GIVEN RECORDS below:
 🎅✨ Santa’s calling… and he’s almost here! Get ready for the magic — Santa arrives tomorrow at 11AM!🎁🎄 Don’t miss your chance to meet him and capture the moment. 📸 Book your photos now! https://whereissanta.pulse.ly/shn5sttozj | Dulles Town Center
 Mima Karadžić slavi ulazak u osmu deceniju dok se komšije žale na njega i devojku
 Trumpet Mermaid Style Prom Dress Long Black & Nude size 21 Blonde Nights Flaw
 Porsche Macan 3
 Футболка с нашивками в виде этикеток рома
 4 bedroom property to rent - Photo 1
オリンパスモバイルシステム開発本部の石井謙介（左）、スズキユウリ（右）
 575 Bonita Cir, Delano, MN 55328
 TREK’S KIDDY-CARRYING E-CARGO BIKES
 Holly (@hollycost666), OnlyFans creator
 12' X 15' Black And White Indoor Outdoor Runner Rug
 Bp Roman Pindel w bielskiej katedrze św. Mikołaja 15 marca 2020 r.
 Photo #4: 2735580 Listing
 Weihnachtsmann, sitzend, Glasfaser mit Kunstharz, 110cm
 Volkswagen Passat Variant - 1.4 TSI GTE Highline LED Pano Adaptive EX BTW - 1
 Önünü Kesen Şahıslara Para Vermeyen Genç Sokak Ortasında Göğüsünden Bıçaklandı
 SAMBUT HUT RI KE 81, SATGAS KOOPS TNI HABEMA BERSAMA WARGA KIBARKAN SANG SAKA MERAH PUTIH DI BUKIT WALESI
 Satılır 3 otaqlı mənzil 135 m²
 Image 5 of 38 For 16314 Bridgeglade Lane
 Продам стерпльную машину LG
End of GIVEN RECORDS.
Search the entries for "Black" and copy each matching line.

 Trumpet Mermaid Style Prom Dress Long Black & Nude size 21 Blonde Nights Flaw
 12' X 15' Black And White Indoor Outdoor Runner Rug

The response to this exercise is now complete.